* **Source material**
____________
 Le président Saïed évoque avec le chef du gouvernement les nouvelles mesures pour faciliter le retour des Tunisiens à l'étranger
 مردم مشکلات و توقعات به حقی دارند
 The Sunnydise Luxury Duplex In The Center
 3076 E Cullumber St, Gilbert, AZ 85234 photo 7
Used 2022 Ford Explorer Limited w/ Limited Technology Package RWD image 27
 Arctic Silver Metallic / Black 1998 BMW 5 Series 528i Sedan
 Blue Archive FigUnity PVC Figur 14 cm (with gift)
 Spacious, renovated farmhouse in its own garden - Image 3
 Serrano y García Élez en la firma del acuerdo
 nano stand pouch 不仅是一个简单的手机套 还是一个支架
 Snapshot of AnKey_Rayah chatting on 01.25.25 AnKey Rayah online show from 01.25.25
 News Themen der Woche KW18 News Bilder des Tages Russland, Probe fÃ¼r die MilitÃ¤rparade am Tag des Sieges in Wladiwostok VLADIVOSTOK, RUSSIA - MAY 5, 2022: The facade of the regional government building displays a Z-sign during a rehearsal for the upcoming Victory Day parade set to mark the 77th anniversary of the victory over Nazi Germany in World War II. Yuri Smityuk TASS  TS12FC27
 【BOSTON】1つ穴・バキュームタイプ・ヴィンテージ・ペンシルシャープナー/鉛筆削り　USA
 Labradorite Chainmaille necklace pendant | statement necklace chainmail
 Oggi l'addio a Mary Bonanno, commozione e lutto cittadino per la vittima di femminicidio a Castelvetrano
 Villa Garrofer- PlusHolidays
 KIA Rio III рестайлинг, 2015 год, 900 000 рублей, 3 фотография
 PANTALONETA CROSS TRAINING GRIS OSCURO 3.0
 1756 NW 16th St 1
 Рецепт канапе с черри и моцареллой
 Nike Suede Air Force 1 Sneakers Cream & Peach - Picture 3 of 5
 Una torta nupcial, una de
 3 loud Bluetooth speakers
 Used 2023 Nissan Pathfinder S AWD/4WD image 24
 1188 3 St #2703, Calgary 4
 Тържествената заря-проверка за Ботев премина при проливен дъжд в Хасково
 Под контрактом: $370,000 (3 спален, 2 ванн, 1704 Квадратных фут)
____________
* **Instructions for the task**
The answer consists solely of the lines from the one containing "PANTALONETA CROSS TRAINING GRIS OSCURO 3.0" through the last line of the data above, reproduced exactly.

* **Finished exercise**
 PANTALONETA CROSS TRAINING GRIS OSCURO 3.0
 1756 NW 16th St 1
 Рецепт канапе с черри и моцареллой
 Nike Suede Air Force 1 Sneakers Cream & Peach - Picture 3 of 5
 Una torta nupcial, una de
 3 loud Bluetooth speakers
 Used 2023 Nissan Pathfinder S AWD/4WD image 24
 1188 3 St #2703, Calgary 4
 Тържествената заря-проверка за Ботев премина при проливен дъжд в Хасково
 Под контрактом: $370,000 (3 спален, 2 ванн, 1704 Квадратных фут)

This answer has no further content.